Assigned task:
What is needed is an exact copy of the lines in the listing below, from the one with "タントカスタムXリミテッド バックカメラ ETC" up to and including the one with "Property slide 23", with no other lines.

Input for this task:

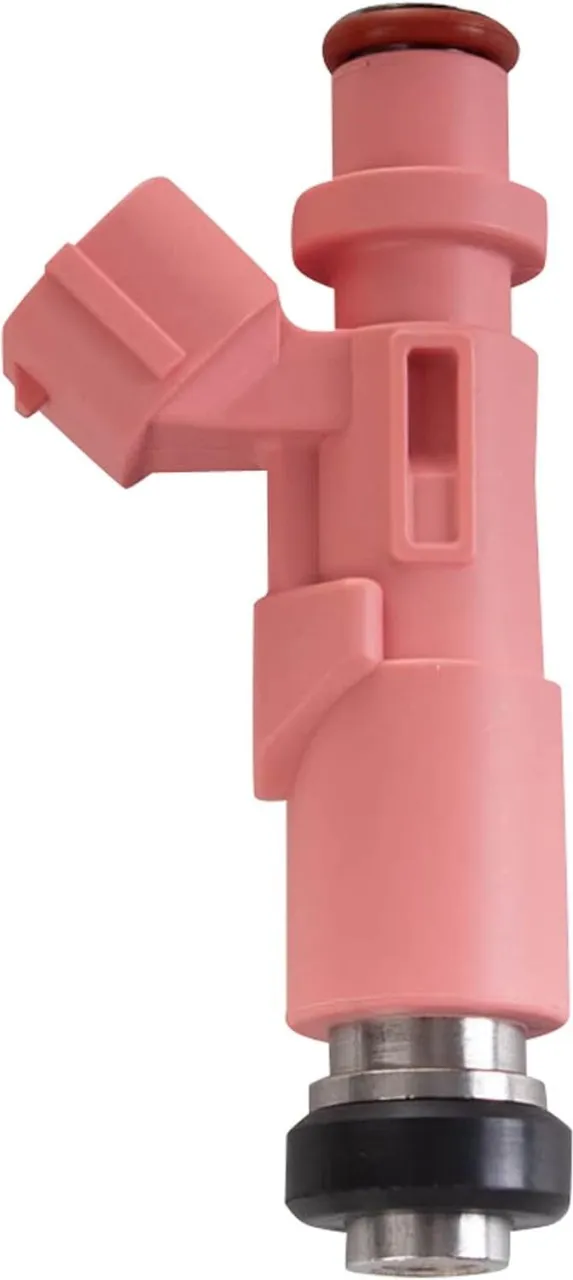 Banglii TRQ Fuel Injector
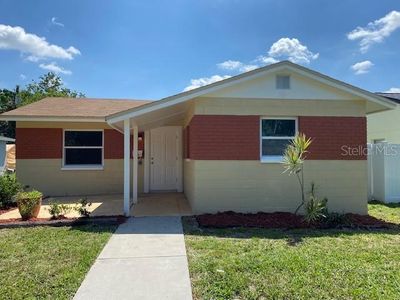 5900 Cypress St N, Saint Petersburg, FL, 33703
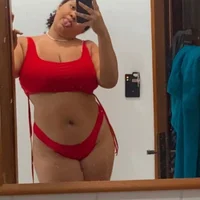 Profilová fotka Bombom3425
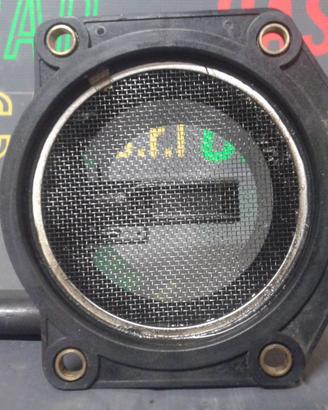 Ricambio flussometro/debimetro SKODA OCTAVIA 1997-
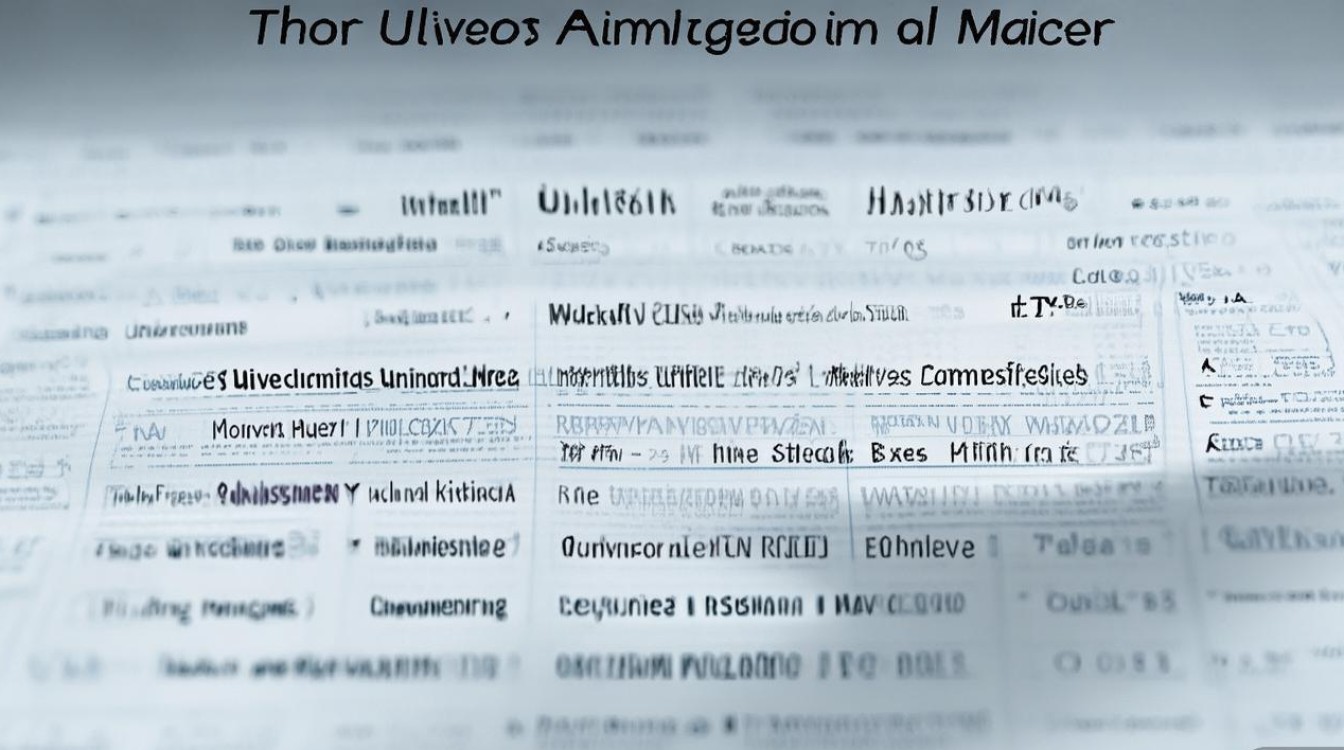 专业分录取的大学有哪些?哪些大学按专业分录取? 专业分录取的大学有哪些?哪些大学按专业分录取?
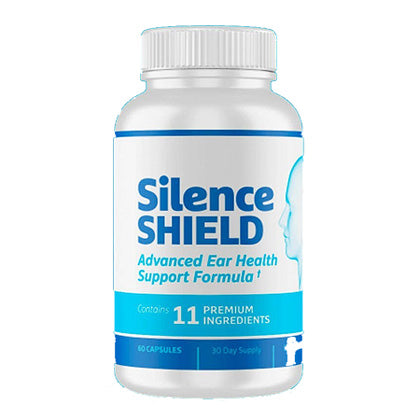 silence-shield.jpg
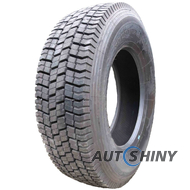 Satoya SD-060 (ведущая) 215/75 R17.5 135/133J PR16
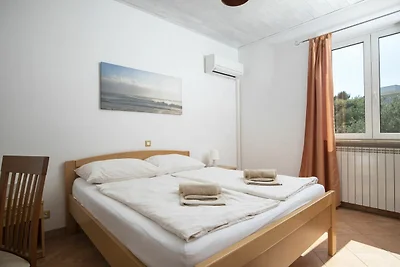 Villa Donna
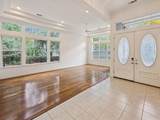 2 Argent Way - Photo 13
--
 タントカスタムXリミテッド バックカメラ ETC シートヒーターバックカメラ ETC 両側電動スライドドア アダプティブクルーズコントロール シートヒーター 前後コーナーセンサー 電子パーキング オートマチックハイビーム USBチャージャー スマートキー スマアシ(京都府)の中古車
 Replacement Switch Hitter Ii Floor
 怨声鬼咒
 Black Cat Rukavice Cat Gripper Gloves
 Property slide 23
* * *
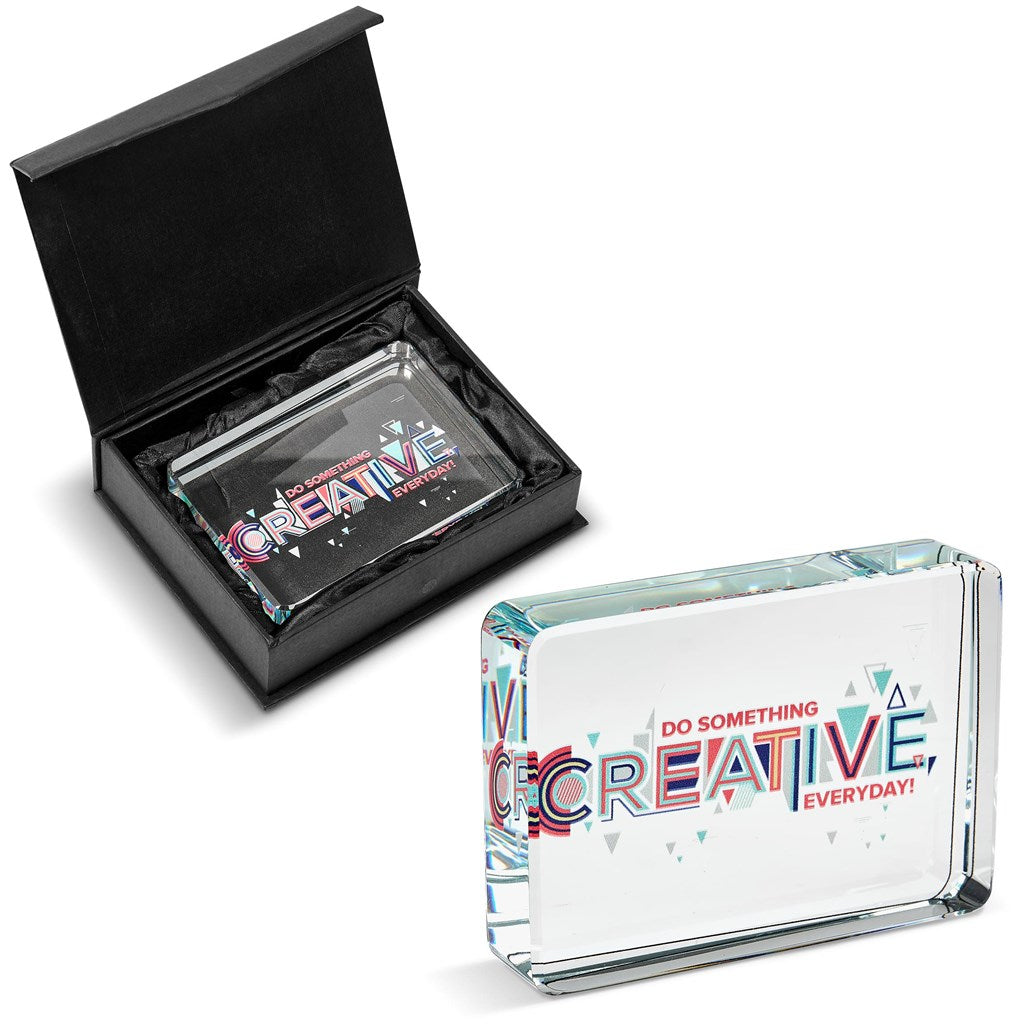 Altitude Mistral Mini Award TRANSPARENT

Solution below:
 タントカスタムXリミテッド バックカメラ ETC シートヒーターバックカメラ ETC 両側電動スライドドア アダプティブクルーズコントロール シートヒーター 前後コーナーセンサー 電子パーキング オートマチックハイビーム USBチャージャー スマートキー スマアシ(京都府)の中古車
 Replacement Switch Hitter Ii Floor
 怨声鬼咒
 Black Cat Rukavice Cat Gripper Gloves
 Property slide 23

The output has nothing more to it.